Metformin or matching placebo was titrated up to 500 mg twice daily for children aged 6 to 9 years and 850 mg twice daily for those aged 10 to 17 years. There were 28 children in the metformin group and 32 in the placebo group.

The primary outcome measure was change in BMI z score over 16 weeks of treatment. On this measure, metformin was superior to placebo (difference in 16-week change in scores vs placebo, -0.10; 95% confidence interval [CI] -0.16 to -0.04; P = .003).

Children receiving placebo experienced no change over 16 weeks in BMI z scores (0.02; 95% CI, -0.03 to 0.06), whereas children taking metformin saw a substantial reduction from baseline (-0.08; 95% CI, -0.13 to -0.04).

Metformin also led to statistically significant improvements in secondary body composition measures of raw BMI (-0.95; 95% CI, -1.46 to -0.45) and raw weight (-2.73; 95% CI, -4.04 to -1.43).

Three children taking metformin (11%) saw declines of 8% to 9% in BMI. No other children experienced declines of more than 5% in BMI during the 16-week treatment period.

No significant between-group differences were noted in metabolic parameters measured in blood, including total cholesterol, low-density lipoprotein cholesterol, high-density lipoprotein cholesterol, triglyceride, glucose, fasting insulin, or hemoglobin A1c levels.

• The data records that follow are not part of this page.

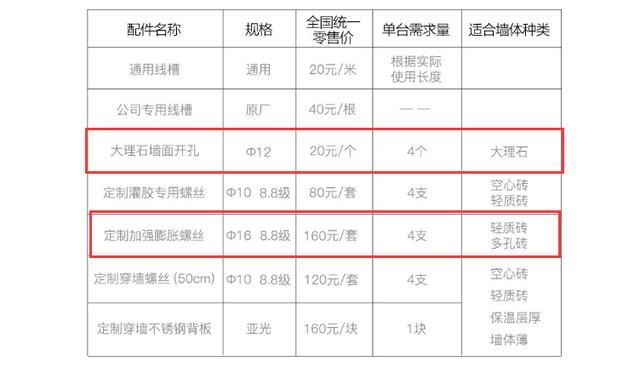 小吉滚筒洗衣机真实使用（分类洗涤伪命题）(16)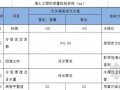 [湖南]高层质检中心工程土方回填施工方案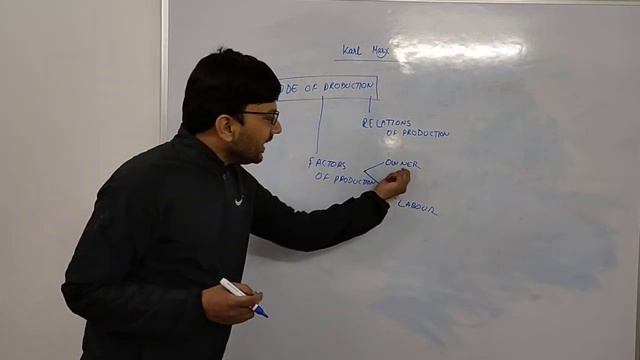 Karl Marx 04: Mode of production, Factors of production, Relations of Production смотреть онлайн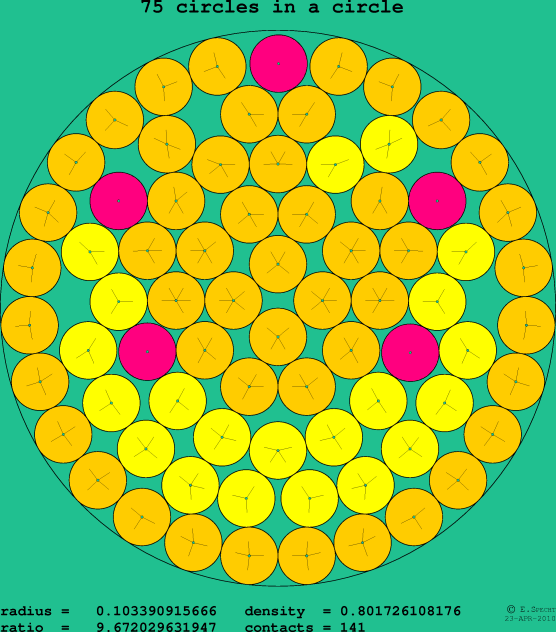 75 circles in a circle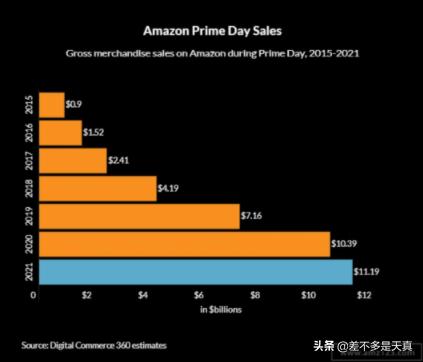 2019年亚马逊primeday是哪天,亚马逊primeday对新品影响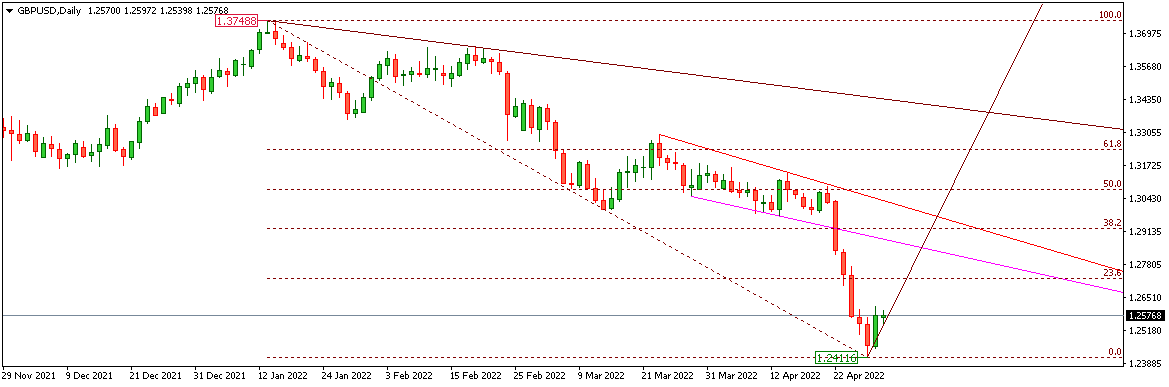 GBPUSD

The authors note that the length of metformin treatment may have been too short to capture metabolic benefits and to evaluate whether initial improvements will be maintained.

Five children stopped metformin owing to adverse events (agitation in four and sedation in one). Gastrointestinal side effects were reported during a significantly higher percentage of treatment days with metformin than placebo (25.1% vs 6.8%; P = .005).

"Metformin was well tolerated overall," Dr Anagnostou told Medscape Medical News. "However, the most common side effects were related to gastrointestinal symptoms. Given that children and youth with ASD experience more GI distress than typically developing children, that's something to keep in mind when prescribing. Also, metformin requires blood monitoring of liver enzymes, and as such, children and youth prescribed this medication would have to tolerate blood work."

"Effective Approach to Consider"

"These findings have important implications for children in whom the benefits of atypical antipsychotics for treating irritability and agitation symptoms are difficult to balance with the substantial weight gain that often accompanies their use," the authors conclude.

"Where we need more study," Dr Anagnostou said, "is to answer the question whether adding metformin at the onset of treatment with atypical antipsychotics may prevent weight gain altogether."

"Clearly, Anagnostou et al understand the dilemma our field faces in balancing the risk-benefit ratio of treating youths with ASD with atypical antipsychotics," Christopher J. McDougle, MD, Lurie Center for Autism, Massachusetts General Hospital and Harvard Medical School, Lexington, Massachusetts, writes in a related editorial.

With this study, they have made a "significant contribution to the literature and provided clinicians with an effective approach to consider for managing weight gain in youths with ASD treated with atypical antipsychotics," Dr McDougle says.

"In addition to more studies of this approach, alternative strategies that warrant investigation include the coadministration of topiramate, monotherapy with ziprasidone, and undoubtedly others."

Dr Anagnostou has received consultation fees and has served on advisory boards for Roche and has received industry funding from SynapDx and Aventis. A complete list of author disclosures is available with the original article. Dr McDougle has disclosed no relevant financial relationships.

JAMA Psychiatry. Published online August 24, 2016.